Extended-release Tablets

Administer orally once daily without regard to meals. Tablet should be swallowed whole and not chewed or crushed.

IV Injection

For solution and drug compatibility information, see Compatibility under Stability.

Monitor ECG and BP continuously during IV administration.

Dilution

Injection solutions containing 5 mg/mL may be administered by direct IV injection without any further dilution.

Rate of Administration

Administer over 2 minutes.

IV Infusion

For solution and drug compatibility information, see Compatibility under Stability.

Reconstitution

Prepare 1-mg/mL solutions from the powder for IV infusion in ADD-Vantage vials according to the manufacturer’s directions.

Dilution

Alternatively, dilute 5-mg/mL injection solution in the appropriate volume of a compatible infusion solution (i.e., 0.9% sodium chloride, 5% dextrose, or 5% dextrose and 0.45% sodium chloride) to produce a final diltiazem hydrochloride concentration of 1, 0.83, or 0.45 mg/mL, respectively.

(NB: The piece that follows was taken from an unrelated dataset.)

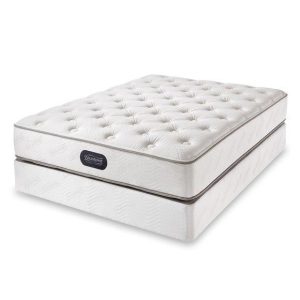 BLACK LABEL NAPA MATTRESS Endeavor Sourcing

Dilution of Commercially Available Injection.237
Quantity of 5 mg/mL Solution	Diluent Volume	Final Concentration
25 mL	100 mL	1 mg/mL
50 mL	250 mL	0.83 mg/mL
50 mL	500 mL	0.45 mg/mL

Rate of Administration

Usually 10 mg/hour; however, may range from 5–15 mg/hour.

Dosage

Available as diltiazem hydrochloride; dosage expressed in terms of the salt.

Adults

Prinzmetal Variant Angina

Conventional Tablets

Oral

Initially, 30 mg 4 times daily. Increase gradually at 1- to 2-day intervals until optimum control is obtained. Usual maintenance dosage is 180–360 mg daily. After manifestations are controlled, reduce dosage to lowest level that will maintain relief of symptoms.

Extended-release Capsules

Oral

Initially, 120 or 180 mg once daily when administered as extended-release capsules (Cardizem CD, Cartia XT). Individualize dosage based on response; titrate dosage increases over 7–14 days. Some patients may respond to higher dosages of up to 480 mg once daily.

Chronic Stable Angina

Conventional Tablets

Oral

Extended-release Capsules

Oral

Initially, 120 mg (Dilt-XR) or 120–180 mg (Cardizem CD, Cartia XT, Tiazac, Taztia XT) once daily when administered as extended-release capsules. Individualize dosage based on response; titrate dosage increases over 7–14 days. Some patients may respond to higher dosages of up to 480 (Cardizem CD, Cartia XT, Dilt-XR) to 540 mg (Tiazac, Taztia XT) once daily.

Extended-release Tablets

Oral

Initially, 180 mg once daily when administered as extended-release tablets (Cardizem LA or Matzim LA). Individualize dosage based on response; titrate dosage increases over 7–14 days. Some patients may respond to higher dosages of up to 360 mg once daily.

Hypertension

Extended-release Capsules or Tablets

Oral

Manufacturer-recommended dosages vary based on formulation (see Table 2).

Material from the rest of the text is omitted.